For a typical piezo motor (30 mm diameter, 10 mm long), the RF heating contribution is small: temperature rises of less than 0.5 C in the gel phantom adjacent to the motor have been reported at 3 T with standard clinical sequences (SAR of 2 W/kg). This is well within acceptable limits.

Field strength considerations: 1.5 T, 3 T, and 7 T

1.5 T

At 1.5 T, MRI compatibility is relatively straightforward. The force on weakly paramagnetic materials is low, gradient slew rates are moderate, and the Larmor frequency (63.9 MHz) is well separated from the motor drive frequency. Most properly designed piezo motor systems work at 1.5 T with minimal modifications beyond replacing ferromagnetic components.

3 T

At 3 T, all magnetic forces and eddy current effects double compared to 1.5 T (forces scale as B x dB/dx, and gradients are similar or stronger). The Larmor frequency doubles to 127.7 MHz, meaning cables that were safe at 1.5 T may become resonant antennas at 3 T. More careful cable management and filtering is required. RF heating also increases due to higher SAR at 3 T.

7 T

At 7 T, the challenges intensify significantly:

  • Susceptibility artifacts: Even small susceptibility differences between motor materials and tissue create visible artifacts extending several centimeters from the motor at 7 T. This may preclude placing the motor close to the imaging region.
  • RF wavelength shortening: At 297 MHz, the RF wavelength in tissue is approximately 12 cm. RF field homogeneity degrades, and localized SAR hotspots become more common. Any conductive structure near the patient can concentrate RF energy.
  • Eddy currents: Higher gradient performance in 7 T scanners (slew rates up to 200 T/m/s) increases eddy current effects.
  • Force on paramagnetic materials: The translational force on paramagnetic components scales with B x dB/dx. At 7 T, even aluminum and titanium components can experience measurable (though still small) forces. These forces are orders of magnitude below the motor's holding torque and are not a safety concern, but they may need to be accounted for in high-precision positioning applications.

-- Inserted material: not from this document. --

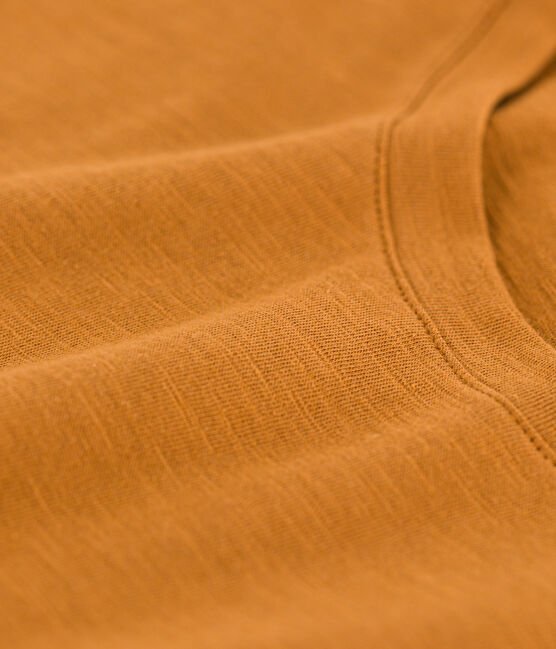 Camiseta LA RECTA de algodón con cuello redondo para mujer marron TOAST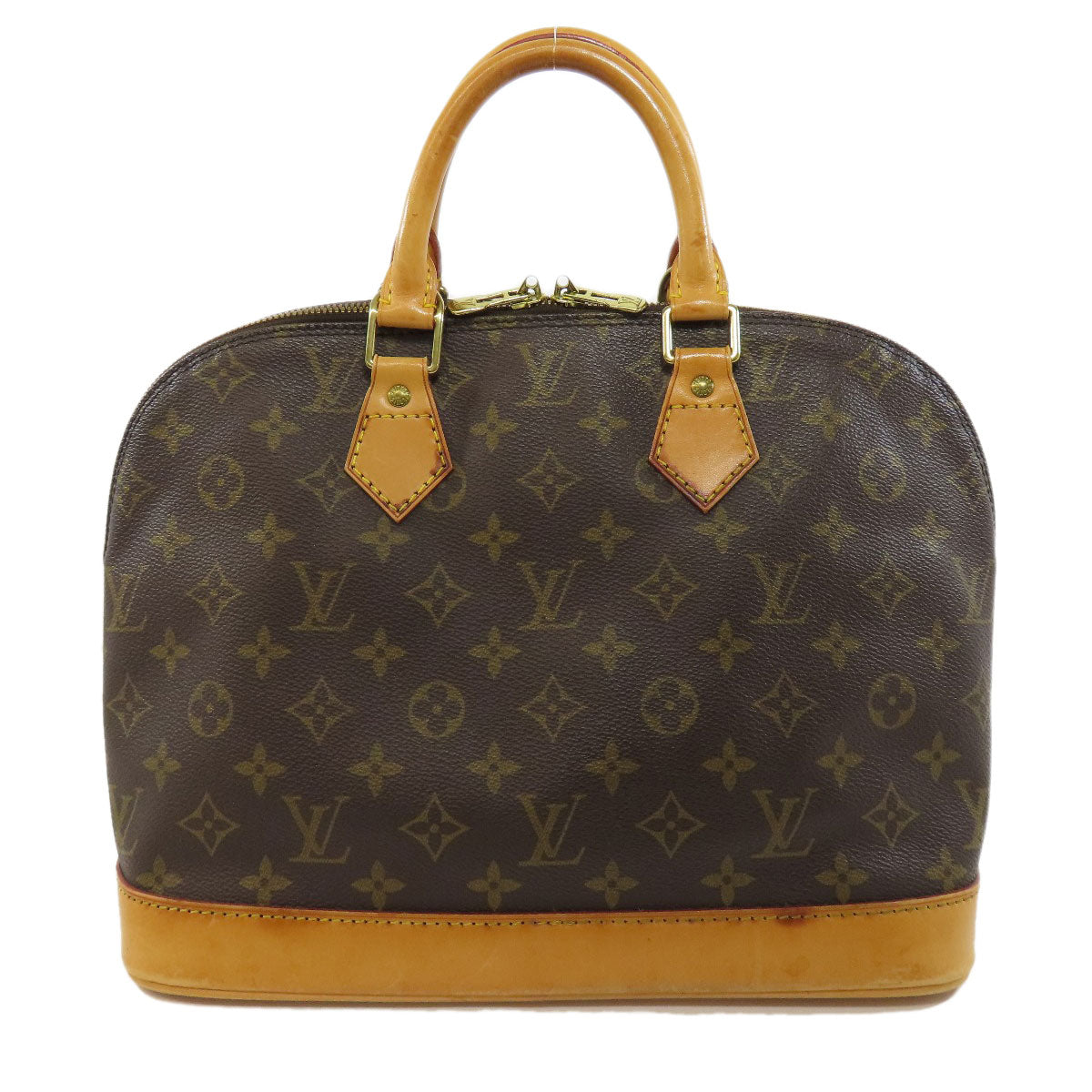 LOUIS VUITTON Handbag M51130 Monogram canvas Brown Alma Women Used Authentic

Despite these challenges, multiple research groups have successfully operated piezo motors inside 7 T scanners for neuroscience and interventional applications.

Conclusion

Piezoelectric ultrasonic motors are the actuator technology of choice for MRI-compatible systems, a position they have held for over two decades with no serious competitor. Their non-ferromagnetic construction eliminates projectile risk and field distortion. Their ultrasonic operating frequency is separated from the MRI receive band by three to four orders of magnitude, ensuring negligible SNR impact when properly shielded. The engineering challenges that remain (eddy currents, cable management, RF heating assessment) are well understood and manageable with established design practices.

For system designers entering this space, the critical takeaway is that MRI compatibility is a system-level property, not just a motor property. A perfectly non-magnetic motor connected to the wrong cable, driven by an unshielded driver, or assembled with a single ferromagnetic screw will fail catastrophically in the MRI environment. Every component, every cable, every fastener must be evaluated. Piezo motors make this achievable because they start from a non-magnetic baseline; the designer's job is to maintain that baseline through the entire signal chain and mechanical assembly, not to fight against the fundamental physics of the actuator itself.